Abstract Carbon materials play a critical role in the advancement of electrochemical energy storage and conversion. Currently, it is still a great challenge to fabricate versatile carbon‐based composites with controlled morphology, adjustable dimension, and tunable composition by a one‐step synthesis process. In this work, a powerful one‐step maltose‐based puffing carbonization technology is reported to construct multiscale carbon‐based composites on large scale. A quantity of composite examples (e.g., carbon/metal oxides, carbon/metal nitrides, carbon/metal carbides, carbon/metal sulfides, carbon/metals, metal/semiconductors, carbon/carbons) are prepared and demonstrated with required properties. These well‐designed composites show advantages of large porosity, hierarchical porous structure, high conductivity, tunable components, and proportion. The formation mechanism of versatile carbon composites is attributed to the puffing‐carbonization of maltose plus in situ carbothermal reaction between maltose and precursors.

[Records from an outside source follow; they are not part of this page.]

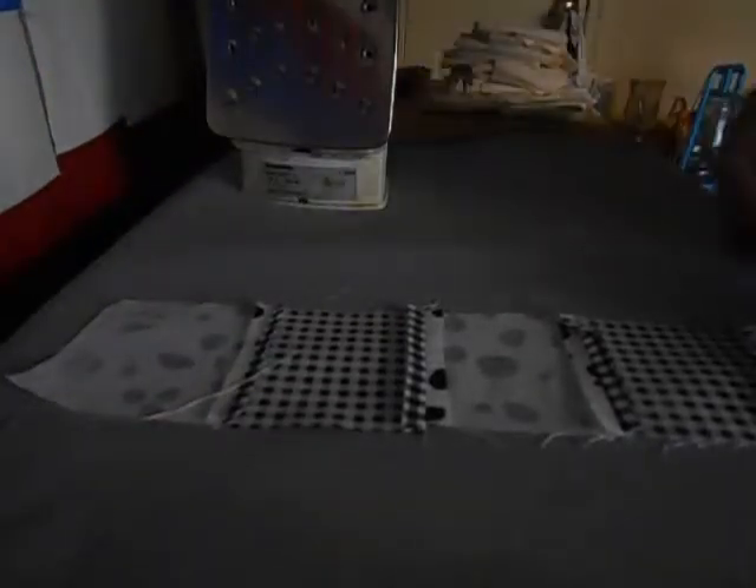You don't want to have your iron too hot because you don't want to scorch the fabric. But those seams are now pressed open.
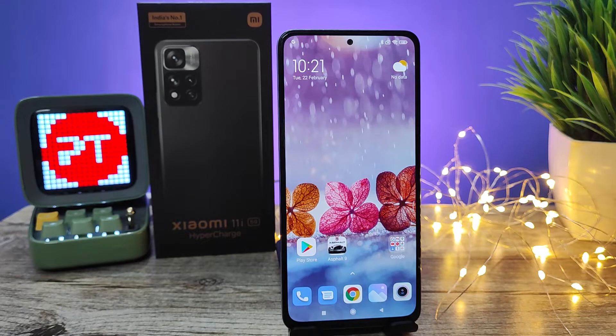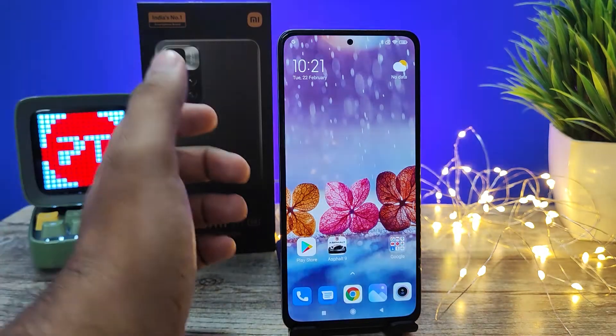Hey guys, welcome back to Phone Tricks. In this video, we will learn how to enable boost charge or hyper charge in the Xiaomi 11i HyperCharge smartphone. By default, the phone has 65 watts enabled. If you want to enable 120 watts, there is an option available, so without further delay, let's get started.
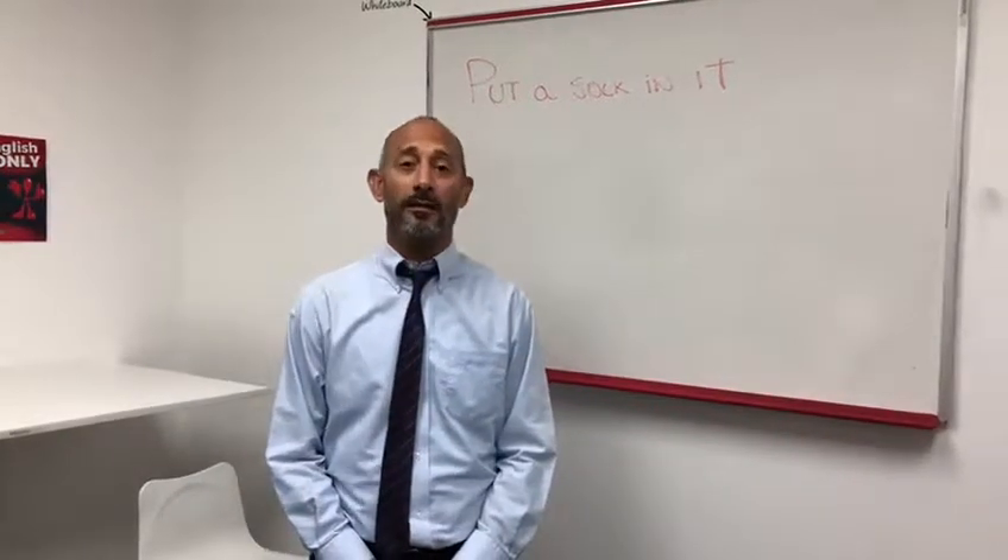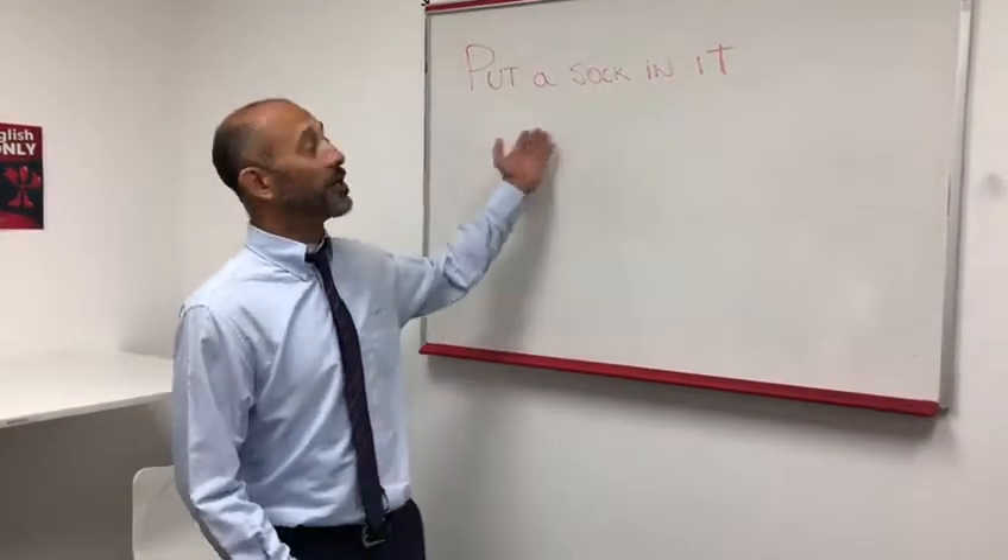Hello, this is Teacher Lincoln. Today we're going to talk about the expression 'put a sock in it.'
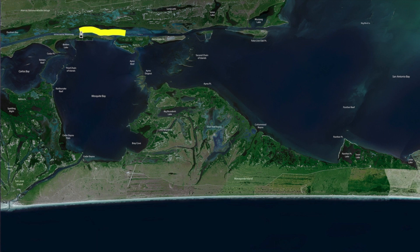Our water levels have dropped out, so all that stuff comes into play. Make sure your boat can handle super shallow water because it will reach up and grab you real quick if you're not aware of it.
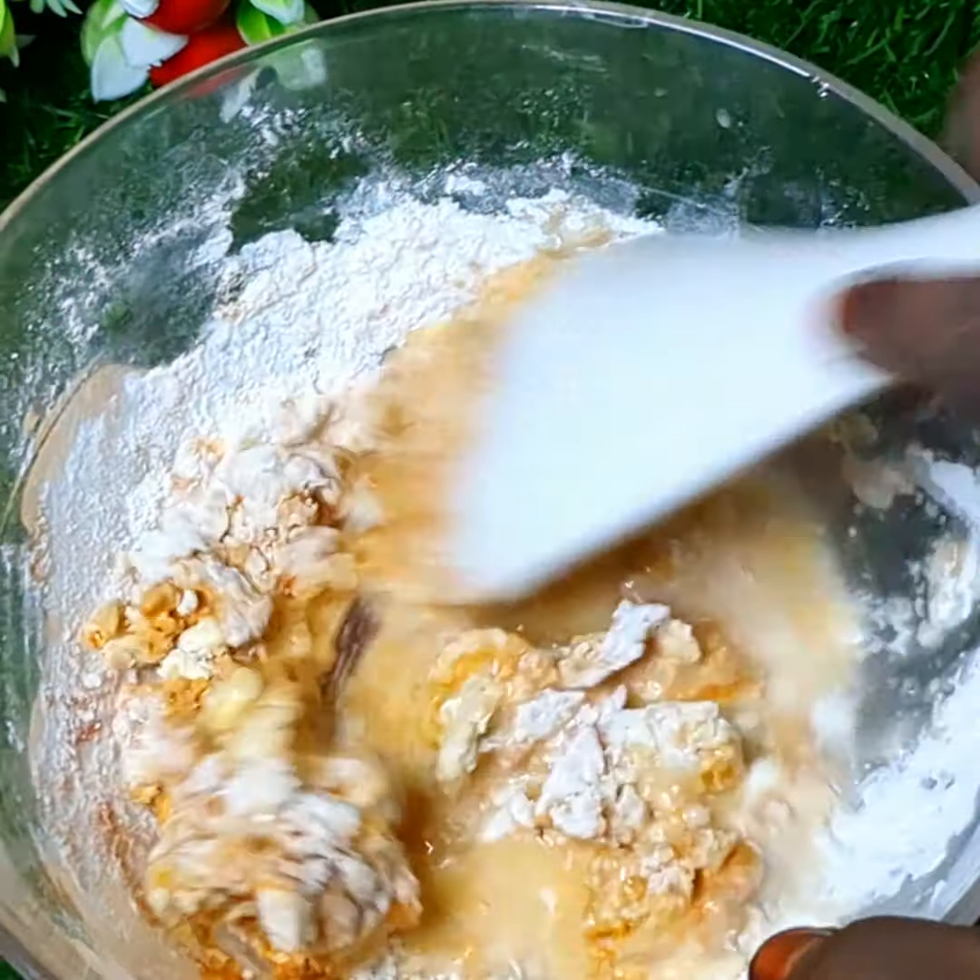First, we will add 1 spoon of each spice. Add 2 spoons, then 1 spoon more. Now, for this dish, add 1 spoon Kashmiri Chilli Powder.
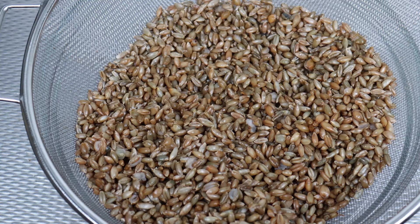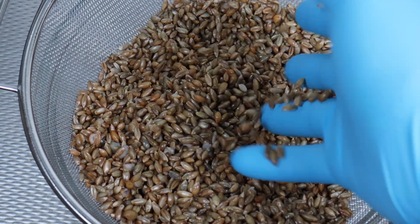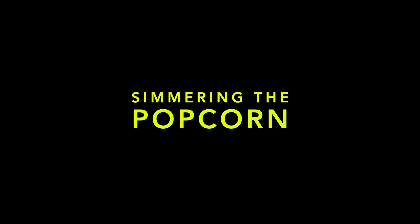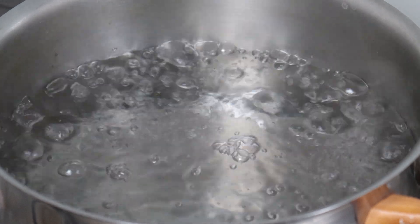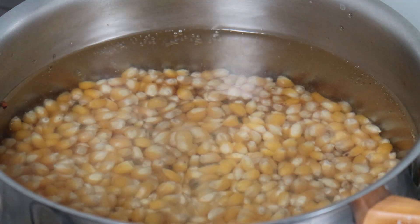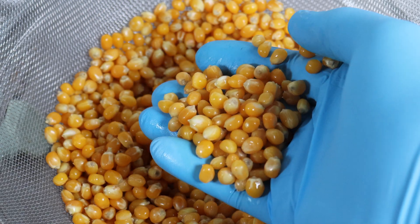I'll then let the grain dry for half an hour. And you're left with lovely grains like this, full of water, ready for the pressure cooker. Now to the popcorn. For this, I bring the water up to the boil once more, except I'm going to simmer the popcorn for about an hour. And then after an hour, I strain and let dry, like the rye.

As a representative example, Li 2 S is in situ implanted into a hierarchical porous cross‐linked puffed carbon (CPC) matrix to verify its application in lithium–sulfur batteries. The designed S‐doped CPC/Li 2 S cathode shows superior electrochemical performance with higher rate capacity (621 mAh g –1 at 2 C), smaller polarization and enhanced long‐term cycles as compared to other counterparts. The research provides a general way for the construction of multifunctional component‐adjustable carbon composites for advanced energy storage and conversion.